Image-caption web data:

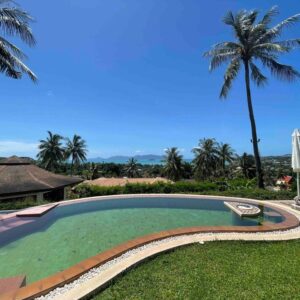 5 bedroom tropical villa with a sea view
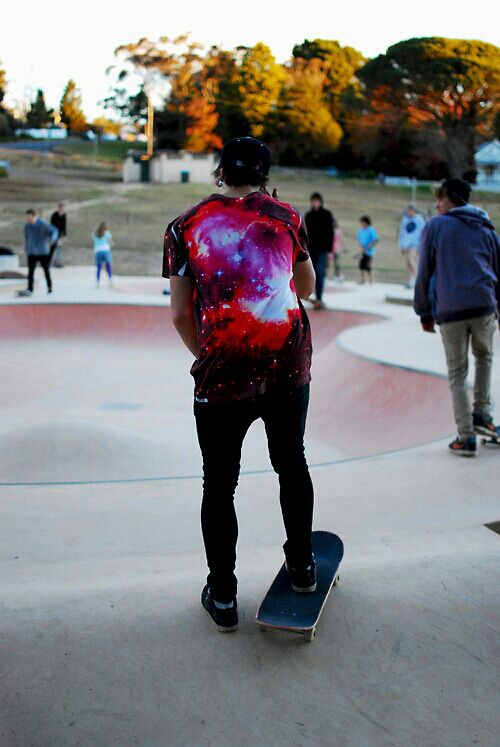 伤感抑郁主题的微信欧美风男生图片下载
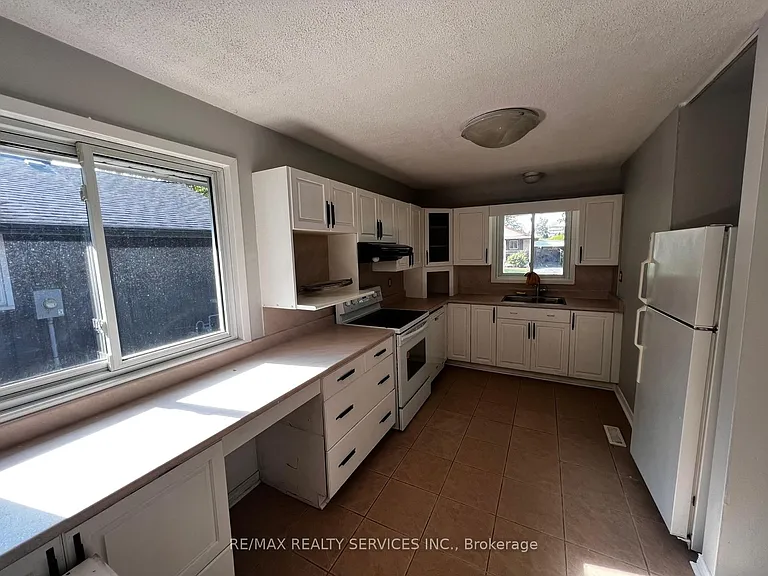 17 Renny Cres — Photo 8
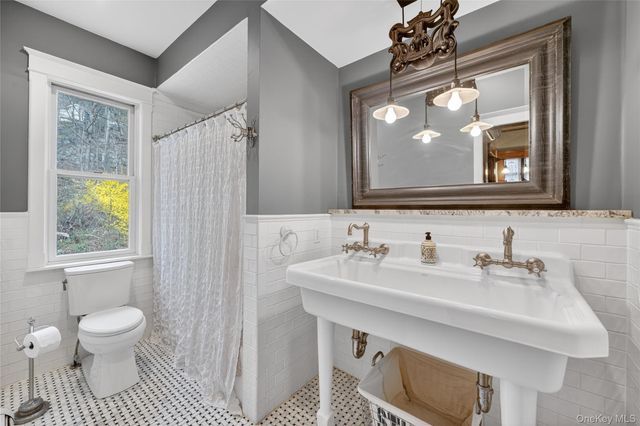 65 Rockledge Drive, Suffern, NY 10901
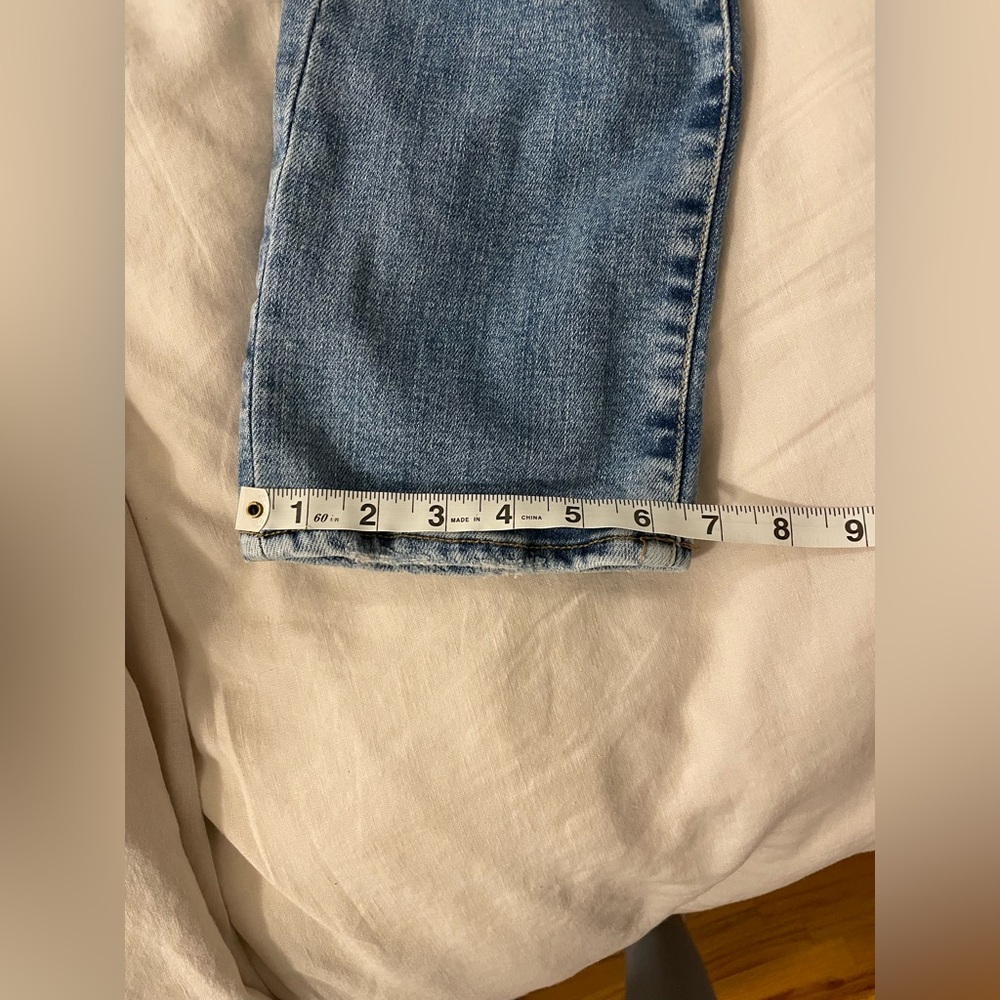 Good American - Good Legs Straight Jeans - Picture 8 of 9
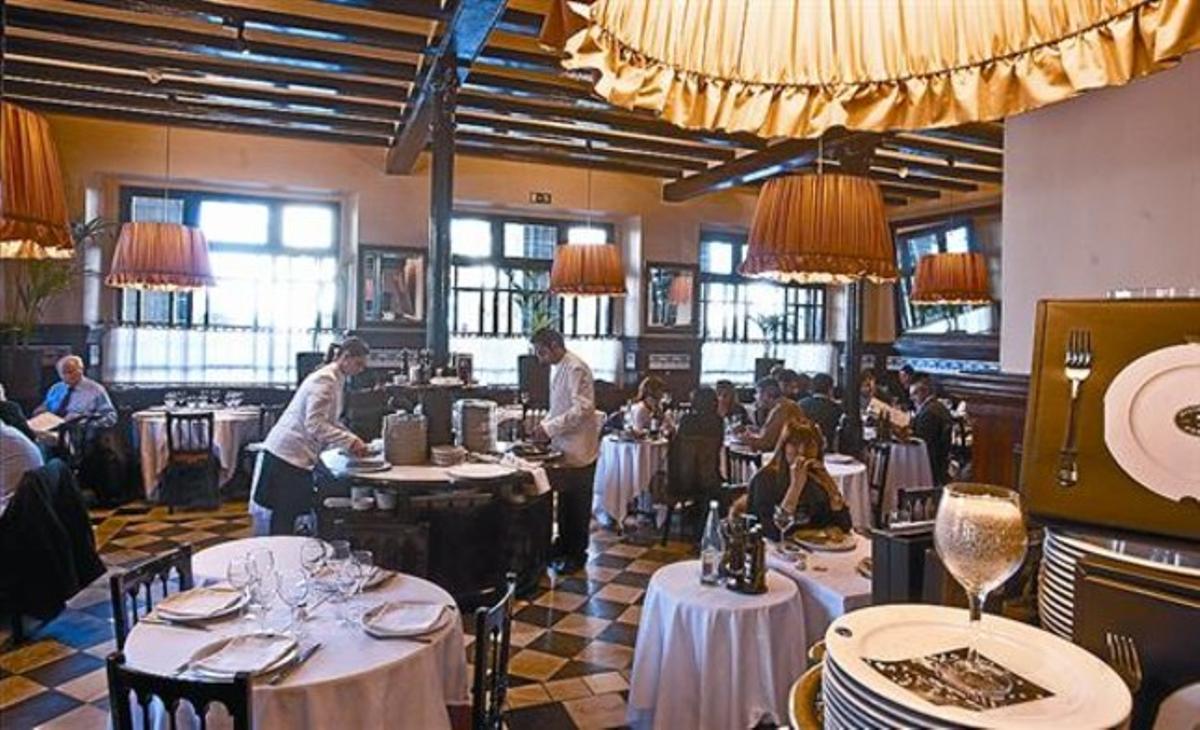 L’actualitat 8 Clients a l’hora de dinar, en un dels menjadors del restaurant, fa uns dies.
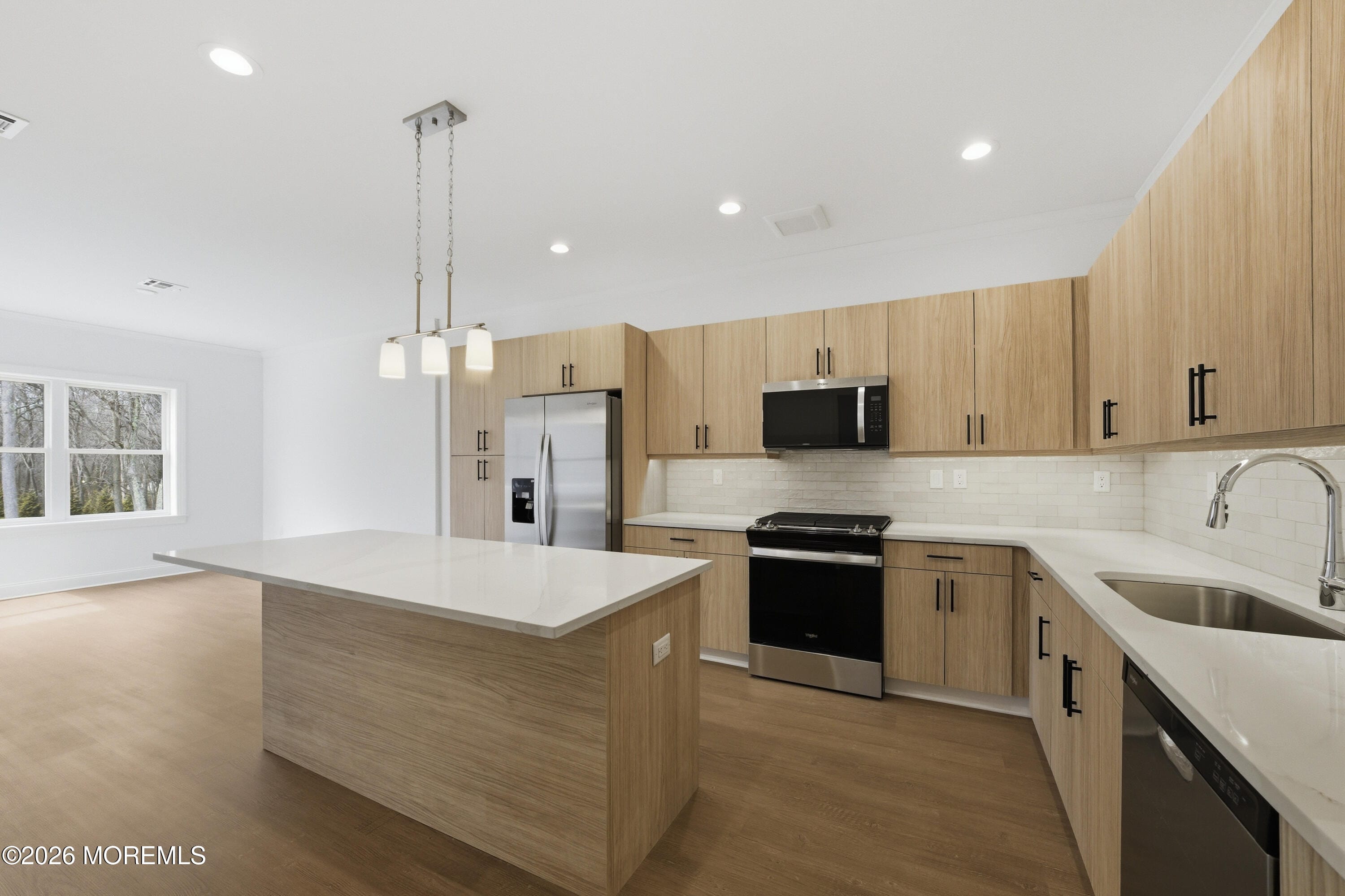 14 Remington Court, Farmingdale, NJ, 07727 image 6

TASK STATEMENT>
Your answer must be the exact lines from the one containing "Good American - Good" through the last line of the records above, with both included and no pictures.

REPLY>
 Good American - Good Legs Straight Jeans - Picture 8 of 9
 L’actualitat 8 Clients a l’hora de dinar, en un dels menjadors del restaurant, fa uns dies.
 14 Remington Court, Farmingdale, NJ, 07727 image 6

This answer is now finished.